[Supplied records — start]
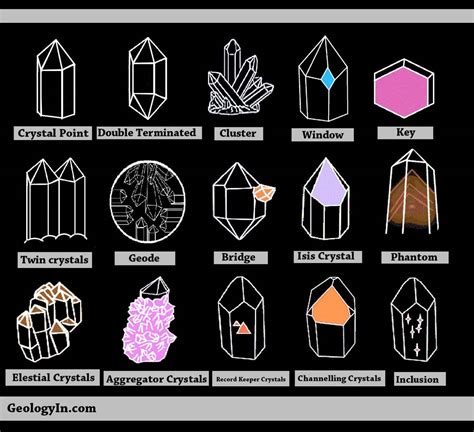 Shaped Crystals: The Intriguing World of Crystal Geometry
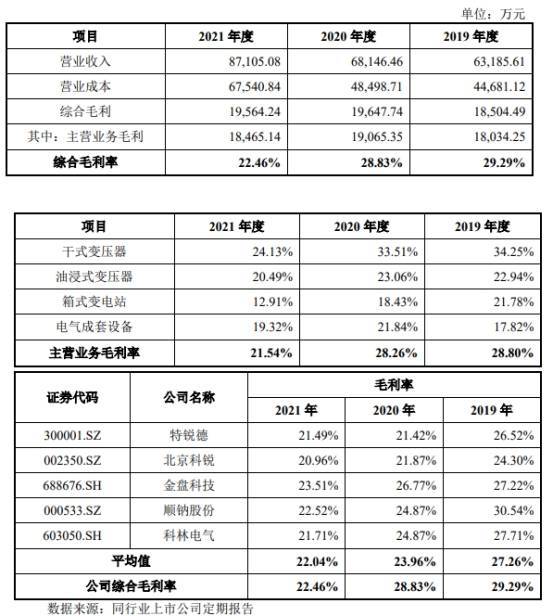 包含响水县华辰新农村建设发展2022年应收账款债权的词条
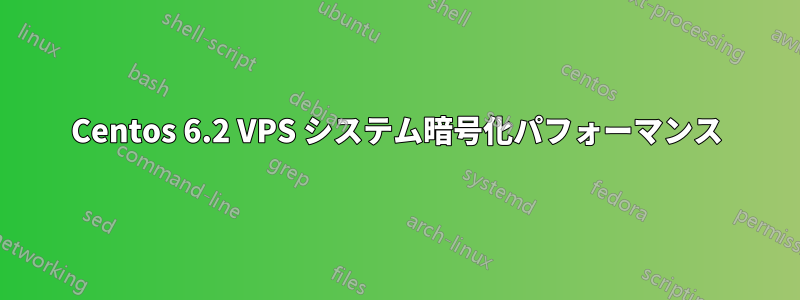 Centos 6.2 VPS システム暗号化パフォーマンス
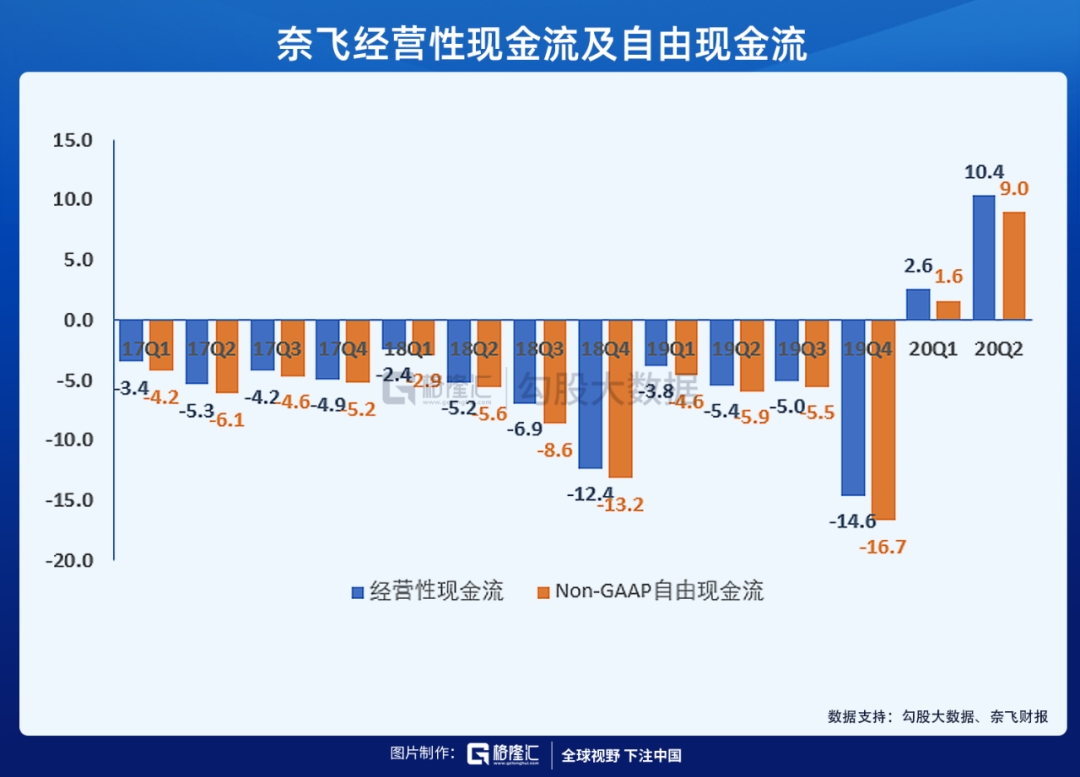 奈飞大跌，财报有那么可怕么？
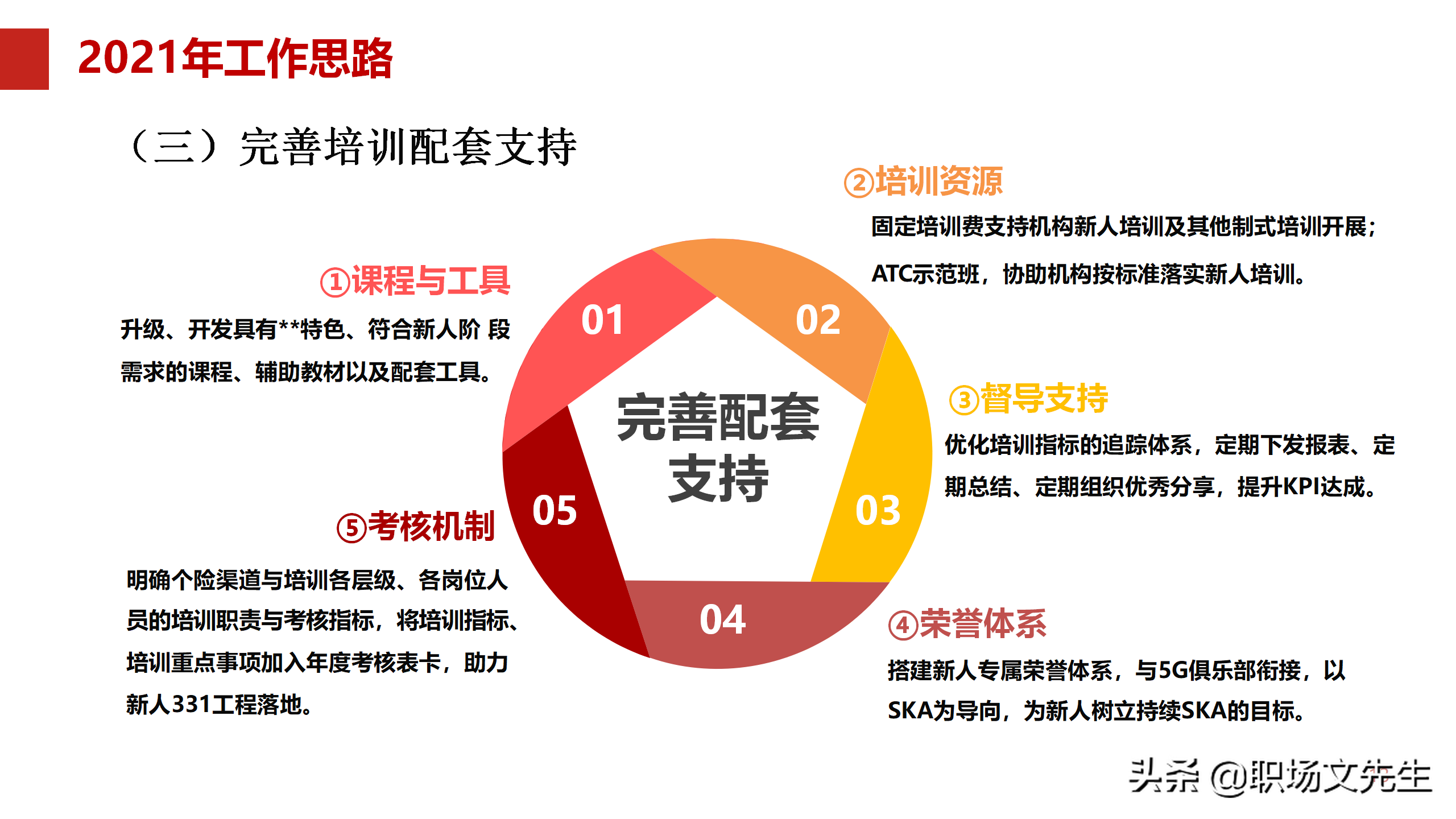 培训搭建成长阶梯，30页公司新人培训工作规划，2022年工作计划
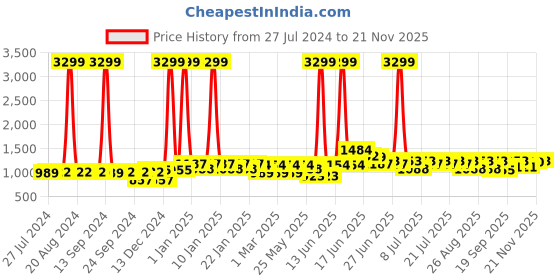 myntra.com Mast & Harbour Textured Shopper Tote Bag mast & harbour Price History Graph from 27 Jul 2024 to 21 Nov 2025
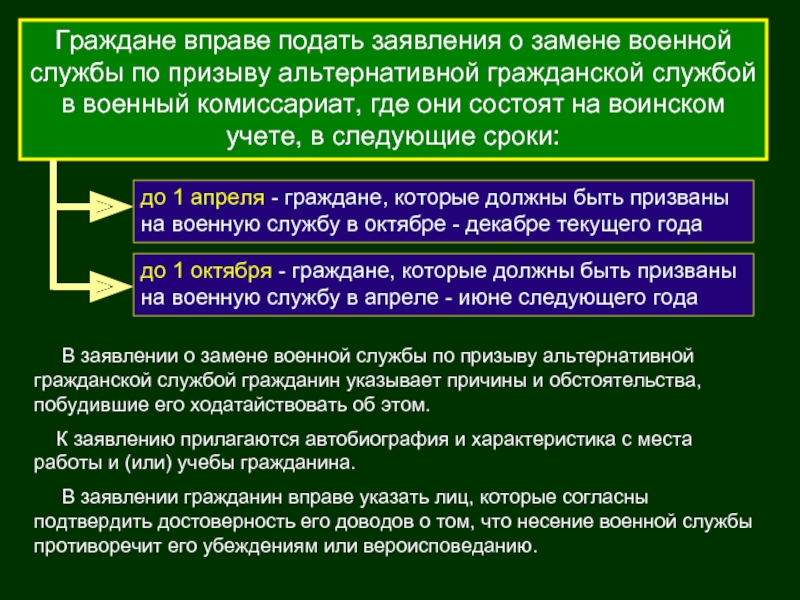 Право граждан на альтернативную гражданскую службу. Альтернативная Гражданская служба. Заявление о замене военной службы по призыву альтернативной. Особенности альтернативной гражданской службы. Срок альтернативной гражданской службы.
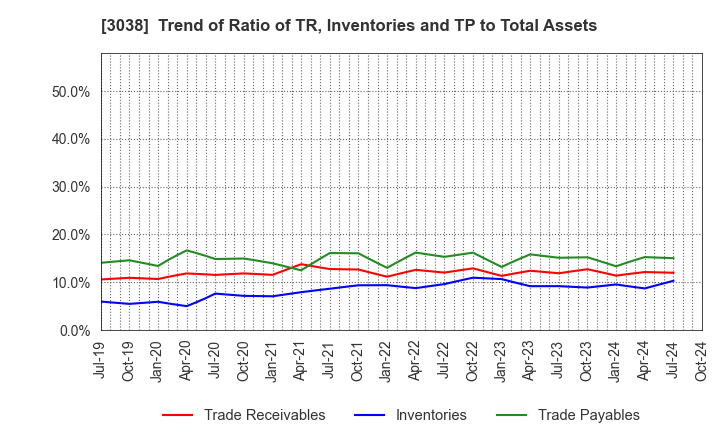 3038 KOBE BUSSAN CO.,LTD.: Trend of Ratio of TR, Inventories and TP to Total Assets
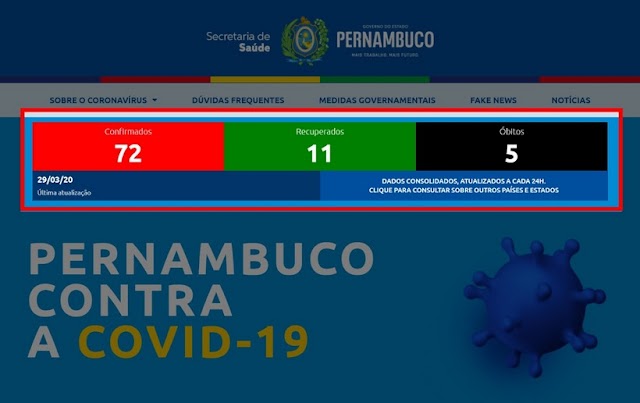 Seplag produz painel sobre Covid-19 com dados de Pernambuco, do Brasil e do mundo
[Supplied records — finish]
_How to complete this task_
If an entry holds an image, omit that image and print the remainder exactly as it stands.

_Task answer_
 Shaped Crystals: The Intriguing World of Crystal Geometry
 包含响水县华辰新农村建设发展2022年应收账款债权的词条
 Centos 6.2 VPS システム暗号化パフォーマンス
 奈飞大跌，财报有那么可怕么？
 培训搭建成长阶梯，30页公司新人培训工作规划，2022年工作计划
 myntra.com Mast & Harbour Textured Shopper Tote Bag mast & harbour Price History Graph from 27 Jul 2024 to 21 Nov 2025
 Право граждан на альтернативную гражданскую службу. Альтернативная Гражданская служба. Заявление о замене военной службы по призыву альтернативной. Особенности альтернативной гражданской службы. Срок альтернативной гражданской службы.
 3038 KOBE BUSSAN CO.,LTD.: Trend of Ratio of TR, Inventories and TP to Total Assets
 Seplag produz painel sobre Covid-19 com dados de Pernambuco, do Brasil e do mundo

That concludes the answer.